### Data for processing
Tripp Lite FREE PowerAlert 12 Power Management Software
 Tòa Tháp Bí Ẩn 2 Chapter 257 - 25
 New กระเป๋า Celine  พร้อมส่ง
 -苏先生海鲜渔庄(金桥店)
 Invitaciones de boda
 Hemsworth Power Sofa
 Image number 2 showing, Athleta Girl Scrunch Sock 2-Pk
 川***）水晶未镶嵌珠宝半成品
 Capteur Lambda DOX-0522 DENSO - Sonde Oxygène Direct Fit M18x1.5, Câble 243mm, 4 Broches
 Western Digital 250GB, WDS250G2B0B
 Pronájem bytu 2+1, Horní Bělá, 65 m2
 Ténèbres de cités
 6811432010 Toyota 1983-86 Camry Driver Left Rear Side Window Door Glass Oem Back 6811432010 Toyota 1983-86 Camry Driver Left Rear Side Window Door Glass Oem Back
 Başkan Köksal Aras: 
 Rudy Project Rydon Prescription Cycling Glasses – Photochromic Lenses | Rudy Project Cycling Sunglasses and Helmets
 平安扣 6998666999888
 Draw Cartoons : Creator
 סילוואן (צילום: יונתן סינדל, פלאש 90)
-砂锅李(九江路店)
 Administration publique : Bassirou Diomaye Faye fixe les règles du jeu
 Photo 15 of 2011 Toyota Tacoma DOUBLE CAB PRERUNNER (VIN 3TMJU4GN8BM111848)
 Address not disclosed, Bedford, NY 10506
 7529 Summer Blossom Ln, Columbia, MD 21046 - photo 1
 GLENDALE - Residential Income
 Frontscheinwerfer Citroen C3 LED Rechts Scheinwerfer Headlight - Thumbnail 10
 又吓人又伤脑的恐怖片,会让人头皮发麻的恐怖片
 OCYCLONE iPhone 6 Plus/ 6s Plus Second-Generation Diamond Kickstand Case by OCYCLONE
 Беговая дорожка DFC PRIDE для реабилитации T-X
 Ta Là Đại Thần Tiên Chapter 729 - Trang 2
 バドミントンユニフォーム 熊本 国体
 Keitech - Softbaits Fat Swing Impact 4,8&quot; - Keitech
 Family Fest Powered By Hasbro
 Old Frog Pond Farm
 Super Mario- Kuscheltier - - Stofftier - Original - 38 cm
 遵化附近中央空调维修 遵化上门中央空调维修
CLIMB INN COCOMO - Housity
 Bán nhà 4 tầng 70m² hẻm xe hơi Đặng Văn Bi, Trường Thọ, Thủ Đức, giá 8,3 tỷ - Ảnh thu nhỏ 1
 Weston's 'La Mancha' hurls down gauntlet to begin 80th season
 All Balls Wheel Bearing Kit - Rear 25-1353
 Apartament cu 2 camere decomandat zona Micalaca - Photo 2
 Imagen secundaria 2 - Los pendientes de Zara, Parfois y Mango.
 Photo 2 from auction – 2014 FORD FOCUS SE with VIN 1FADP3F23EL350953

### The problem
The lines above, starting at the one with "Ténèbres de cités" and ending at the one with "Беговая дорожка DFC", are the only ones to return, exactly as written.

### Your solution
 Ténèbres de cités
 6811432010 Toyota 1983-86 Camry Driver Left Rear Side Window Door Glass Oem Back 6811432010 Toyota 1983-86 Camry Driver Left Rear Side Window Door Glass Oem Back
 Başkan Köksal Aras: 
 Rudy Project Rydon Prescription Cycling Glasses – Photochromic Lenses | Rudy Project Cycling Sunglasses and Helmets
 平安扣 6998666999888
 Draw Cartoons : Creator
 סילוואן (צילום: יונתן סינדל, פלאש 90)
-砂锅李(九江路店)
 Administration publique : Bassirou Diomaye Faye fixe les règles du jeu
 Photo 15 of 2011 Toyota Tacoma DOUBLE CAB PRERUNNER (VIN 3TMJU4GN8BM111848)
 Address not disclosed, Bedford, NY 10506
 7529 Summer Blossom Ln, Columbia, MD 21046 - photo 1
 GLENDALE - Residential Income
 Frontscheinwerfer Citroen C3 LED Rechts Scheinwerfer Headlight - Thumbnail 10
 又吓人又伤脑的恐怖片,会让人头皮发麻的恐怖片
 OCYCLONE iPhone 6 Plus/ 6s Plus Second-Generation Diamond Kickstand Case by OCYCLONE
 Беговая дорожка DFC PRIDE для реабилитации T-X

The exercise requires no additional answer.